Write each line again exactly as it is, from the opening line of the records below through the one containing "Room 17 of 39", and add nothing.
== Records to use
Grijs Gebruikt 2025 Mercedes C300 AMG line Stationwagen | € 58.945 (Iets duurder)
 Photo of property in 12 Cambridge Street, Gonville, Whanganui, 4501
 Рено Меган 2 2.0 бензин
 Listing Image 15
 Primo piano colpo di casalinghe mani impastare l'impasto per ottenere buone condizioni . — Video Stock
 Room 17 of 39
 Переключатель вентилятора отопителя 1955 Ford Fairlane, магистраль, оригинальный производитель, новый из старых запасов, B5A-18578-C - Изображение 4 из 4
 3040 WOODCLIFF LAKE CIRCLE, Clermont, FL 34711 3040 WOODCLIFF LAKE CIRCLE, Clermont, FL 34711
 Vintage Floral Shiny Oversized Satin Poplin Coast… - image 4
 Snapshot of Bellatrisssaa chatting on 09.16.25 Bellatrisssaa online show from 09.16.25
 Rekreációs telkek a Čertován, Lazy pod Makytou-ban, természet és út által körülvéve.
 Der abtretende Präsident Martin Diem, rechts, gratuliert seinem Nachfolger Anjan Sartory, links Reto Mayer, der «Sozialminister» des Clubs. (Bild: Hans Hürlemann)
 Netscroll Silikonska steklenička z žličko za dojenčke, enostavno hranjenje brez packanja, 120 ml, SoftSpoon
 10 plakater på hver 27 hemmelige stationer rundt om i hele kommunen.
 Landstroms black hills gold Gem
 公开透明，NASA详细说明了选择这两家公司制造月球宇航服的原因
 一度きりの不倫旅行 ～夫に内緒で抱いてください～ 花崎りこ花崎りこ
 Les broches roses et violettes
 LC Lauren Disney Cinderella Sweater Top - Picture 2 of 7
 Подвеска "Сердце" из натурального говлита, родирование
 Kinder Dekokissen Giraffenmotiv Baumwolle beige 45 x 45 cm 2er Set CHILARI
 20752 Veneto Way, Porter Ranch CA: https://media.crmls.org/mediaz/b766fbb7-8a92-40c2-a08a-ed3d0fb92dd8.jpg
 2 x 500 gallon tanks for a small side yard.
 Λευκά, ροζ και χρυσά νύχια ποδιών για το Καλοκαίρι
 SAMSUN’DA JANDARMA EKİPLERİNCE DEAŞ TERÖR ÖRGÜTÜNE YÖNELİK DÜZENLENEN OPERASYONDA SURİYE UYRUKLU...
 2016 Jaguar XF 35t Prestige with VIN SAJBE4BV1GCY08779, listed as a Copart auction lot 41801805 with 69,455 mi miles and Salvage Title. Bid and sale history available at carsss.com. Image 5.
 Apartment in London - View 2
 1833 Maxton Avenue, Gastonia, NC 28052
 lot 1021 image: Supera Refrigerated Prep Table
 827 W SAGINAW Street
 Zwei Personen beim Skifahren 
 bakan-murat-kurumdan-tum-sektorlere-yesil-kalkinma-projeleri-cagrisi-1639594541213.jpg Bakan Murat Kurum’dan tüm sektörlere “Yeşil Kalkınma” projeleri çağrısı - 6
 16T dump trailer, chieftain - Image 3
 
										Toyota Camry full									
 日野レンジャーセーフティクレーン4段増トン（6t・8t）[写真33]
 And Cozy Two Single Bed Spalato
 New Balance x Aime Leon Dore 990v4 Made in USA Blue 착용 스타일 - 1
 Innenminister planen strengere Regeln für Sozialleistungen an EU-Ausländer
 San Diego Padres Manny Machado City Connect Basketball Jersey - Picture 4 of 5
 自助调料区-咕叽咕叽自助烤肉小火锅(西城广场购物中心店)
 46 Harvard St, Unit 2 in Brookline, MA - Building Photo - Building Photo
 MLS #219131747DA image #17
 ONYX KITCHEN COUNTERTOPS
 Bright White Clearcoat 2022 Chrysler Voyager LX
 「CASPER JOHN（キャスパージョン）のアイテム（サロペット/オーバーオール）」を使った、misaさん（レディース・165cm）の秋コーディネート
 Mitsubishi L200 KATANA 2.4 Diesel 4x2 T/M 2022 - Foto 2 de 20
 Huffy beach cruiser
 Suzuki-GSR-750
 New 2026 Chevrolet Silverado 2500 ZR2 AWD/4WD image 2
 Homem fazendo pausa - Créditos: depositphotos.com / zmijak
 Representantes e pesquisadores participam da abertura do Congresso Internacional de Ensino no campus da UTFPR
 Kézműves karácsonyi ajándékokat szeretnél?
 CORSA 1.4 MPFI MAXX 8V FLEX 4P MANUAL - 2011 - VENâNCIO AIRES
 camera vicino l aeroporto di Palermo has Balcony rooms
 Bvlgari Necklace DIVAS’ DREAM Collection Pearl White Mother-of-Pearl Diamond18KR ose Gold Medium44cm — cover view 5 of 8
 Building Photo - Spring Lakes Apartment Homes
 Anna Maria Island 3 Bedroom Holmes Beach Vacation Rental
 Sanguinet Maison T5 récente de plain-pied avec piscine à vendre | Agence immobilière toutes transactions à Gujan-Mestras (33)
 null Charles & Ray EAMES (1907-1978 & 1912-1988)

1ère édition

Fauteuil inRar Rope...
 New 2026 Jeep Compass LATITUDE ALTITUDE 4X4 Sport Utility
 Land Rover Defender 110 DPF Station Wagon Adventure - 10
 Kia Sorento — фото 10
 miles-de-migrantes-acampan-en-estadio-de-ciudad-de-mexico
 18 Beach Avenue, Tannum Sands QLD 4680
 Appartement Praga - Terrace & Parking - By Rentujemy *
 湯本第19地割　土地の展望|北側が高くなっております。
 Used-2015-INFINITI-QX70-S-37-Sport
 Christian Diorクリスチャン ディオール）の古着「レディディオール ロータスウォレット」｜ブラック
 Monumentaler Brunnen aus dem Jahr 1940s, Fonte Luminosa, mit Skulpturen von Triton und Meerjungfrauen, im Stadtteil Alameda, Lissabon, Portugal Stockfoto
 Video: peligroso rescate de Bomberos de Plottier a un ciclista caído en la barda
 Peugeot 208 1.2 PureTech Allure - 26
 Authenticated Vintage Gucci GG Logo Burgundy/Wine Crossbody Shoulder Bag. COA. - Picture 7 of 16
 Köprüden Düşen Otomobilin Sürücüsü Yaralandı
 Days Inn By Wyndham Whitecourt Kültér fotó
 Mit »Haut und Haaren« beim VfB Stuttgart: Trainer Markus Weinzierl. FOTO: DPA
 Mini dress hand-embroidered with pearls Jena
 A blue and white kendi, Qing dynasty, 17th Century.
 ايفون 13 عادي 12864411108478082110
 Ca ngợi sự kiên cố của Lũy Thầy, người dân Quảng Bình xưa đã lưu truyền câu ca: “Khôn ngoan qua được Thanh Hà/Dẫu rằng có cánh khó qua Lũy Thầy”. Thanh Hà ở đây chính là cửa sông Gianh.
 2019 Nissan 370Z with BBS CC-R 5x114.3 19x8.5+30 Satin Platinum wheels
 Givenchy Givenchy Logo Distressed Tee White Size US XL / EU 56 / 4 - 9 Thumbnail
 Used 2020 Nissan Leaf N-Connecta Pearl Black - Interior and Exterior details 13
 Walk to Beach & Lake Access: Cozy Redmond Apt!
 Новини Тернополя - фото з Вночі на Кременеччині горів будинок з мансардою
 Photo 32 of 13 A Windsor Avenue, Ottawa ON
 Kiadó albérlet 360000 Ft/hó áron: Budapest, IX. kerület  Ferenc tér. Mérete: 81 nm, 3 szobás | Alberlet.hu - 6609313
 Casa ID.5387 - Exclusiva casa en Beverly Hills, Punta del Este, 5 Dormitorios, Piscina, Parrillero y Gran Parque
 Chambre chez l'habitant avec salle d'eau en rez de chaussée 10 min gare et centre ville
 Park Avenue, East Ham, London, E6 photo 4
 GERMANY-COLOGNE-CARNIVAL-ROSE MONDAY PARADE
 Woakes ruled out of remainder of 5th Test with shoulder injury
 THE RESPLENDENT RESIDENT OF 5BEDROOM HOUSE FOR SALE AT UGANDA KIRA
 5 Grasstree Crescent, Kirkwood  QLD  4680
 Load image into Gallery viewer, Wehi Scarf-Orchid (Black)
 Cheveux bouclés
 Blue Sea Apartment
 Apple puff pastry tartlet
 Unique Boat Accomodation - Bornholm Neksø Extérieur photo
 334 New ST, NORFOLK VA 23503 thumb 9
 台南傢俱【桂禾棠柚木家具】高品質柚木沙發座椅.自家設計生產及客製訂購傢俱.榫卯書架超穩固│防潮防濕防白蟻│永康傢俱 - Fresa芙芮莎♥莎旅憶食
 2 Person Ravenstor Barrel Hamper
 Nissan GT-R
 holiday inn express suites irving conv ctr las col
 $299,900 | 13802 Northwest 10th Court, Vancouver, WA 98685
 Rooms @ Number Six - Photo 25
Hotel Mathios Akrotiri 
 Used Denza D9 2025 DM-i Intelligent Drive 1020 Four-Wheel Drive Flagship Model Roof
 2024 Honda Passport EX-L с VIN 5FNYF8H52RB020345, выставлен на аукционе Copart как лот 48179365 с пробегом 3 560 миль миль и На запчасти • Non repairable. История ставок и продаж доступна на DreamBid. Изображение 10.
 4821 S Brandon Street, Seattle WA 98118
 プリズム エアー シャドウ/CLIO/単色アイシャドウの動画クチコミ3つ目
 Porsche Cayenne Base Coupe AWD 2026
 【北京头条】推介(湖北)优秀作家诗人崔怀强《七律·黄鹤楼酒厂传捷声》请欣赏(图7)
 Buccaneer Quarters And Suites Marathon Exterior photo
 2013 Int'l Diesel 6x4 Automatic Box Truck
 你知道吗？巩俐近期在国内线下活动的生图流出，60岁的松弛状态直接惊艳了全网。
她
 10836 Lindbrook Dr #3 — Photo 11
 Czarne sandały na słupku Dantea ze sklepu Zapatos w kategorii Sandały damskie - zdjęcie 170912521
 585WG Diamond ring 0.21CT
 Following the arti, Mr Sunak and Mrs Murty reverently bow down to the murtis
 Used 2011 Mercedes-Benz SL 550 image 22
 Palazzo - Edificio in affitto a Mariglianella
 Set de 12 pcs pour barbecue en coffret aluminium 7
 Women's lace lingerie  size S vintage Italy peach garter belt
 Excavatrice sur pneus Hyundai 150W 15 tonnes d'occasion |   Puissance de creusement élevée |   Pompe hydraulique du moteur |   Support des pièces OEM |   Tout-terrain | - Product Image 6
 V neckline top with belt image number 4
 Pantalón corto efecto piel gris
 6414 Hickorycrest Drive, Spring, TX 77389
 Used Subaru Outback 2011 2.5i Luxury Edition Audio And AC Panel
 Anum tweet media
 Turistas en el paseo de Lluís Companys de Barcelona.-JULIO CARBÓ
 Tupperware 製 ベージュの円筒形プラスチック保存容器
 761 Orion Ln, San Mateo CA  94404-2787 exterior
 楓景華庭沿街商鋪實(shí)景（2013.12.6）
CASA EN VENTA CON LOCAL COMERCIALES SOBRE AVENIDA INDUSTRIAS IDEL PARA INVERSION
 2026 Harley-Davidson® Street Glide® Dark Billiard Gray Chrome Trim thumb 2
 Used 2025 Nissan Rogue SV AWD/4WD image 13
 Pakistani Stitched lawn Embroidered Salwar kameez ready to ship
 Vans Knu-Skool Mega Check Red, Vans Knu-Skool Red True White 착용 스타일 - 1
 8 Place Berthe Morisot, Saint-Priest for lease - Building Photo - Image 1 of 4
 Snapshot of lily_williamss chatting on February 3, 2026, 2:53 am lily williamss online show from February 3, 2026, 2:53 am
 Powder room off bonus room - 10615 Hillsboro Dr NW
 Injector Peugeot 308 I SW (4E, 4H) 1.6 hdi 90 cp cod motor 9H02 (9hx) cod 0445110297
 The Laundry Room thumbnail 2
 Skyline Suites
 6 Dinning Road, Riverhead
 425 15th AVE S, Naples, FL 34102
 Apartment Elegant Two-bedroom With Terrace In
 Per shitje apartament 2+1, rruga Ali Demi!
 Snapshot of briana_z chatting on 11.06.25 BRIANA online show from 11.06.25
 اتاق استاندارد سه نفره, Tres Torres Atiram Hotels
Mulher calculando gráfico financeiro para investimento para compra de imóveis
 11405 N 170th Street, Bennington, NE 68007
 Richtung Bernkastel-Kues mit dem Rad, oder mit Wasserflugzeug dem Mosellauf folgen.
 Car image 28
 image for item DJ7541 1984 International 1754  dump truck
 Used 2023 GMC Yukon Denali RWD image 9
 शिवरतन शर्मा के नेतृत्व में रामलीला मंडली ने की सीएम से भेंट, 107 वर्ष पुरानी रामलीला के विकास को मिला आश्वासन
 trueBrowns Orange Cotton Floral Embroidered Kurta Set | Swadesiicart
====
Written response:
Grijs Gebruikt 2025 Mercedes C300 AMG line Stationwagen | € 58.945 (Iets duurder)
 Photo of property in 12 Cambridge Street, Gonville, Whanganui, 4501
 Рено Меган 2 2.0 бензин
 Listing Image 15
 Primo piano colpo di casalinghe mani impastare l'impasto per ottenere buone condizioni . — Video Stock
 Room 17 of 39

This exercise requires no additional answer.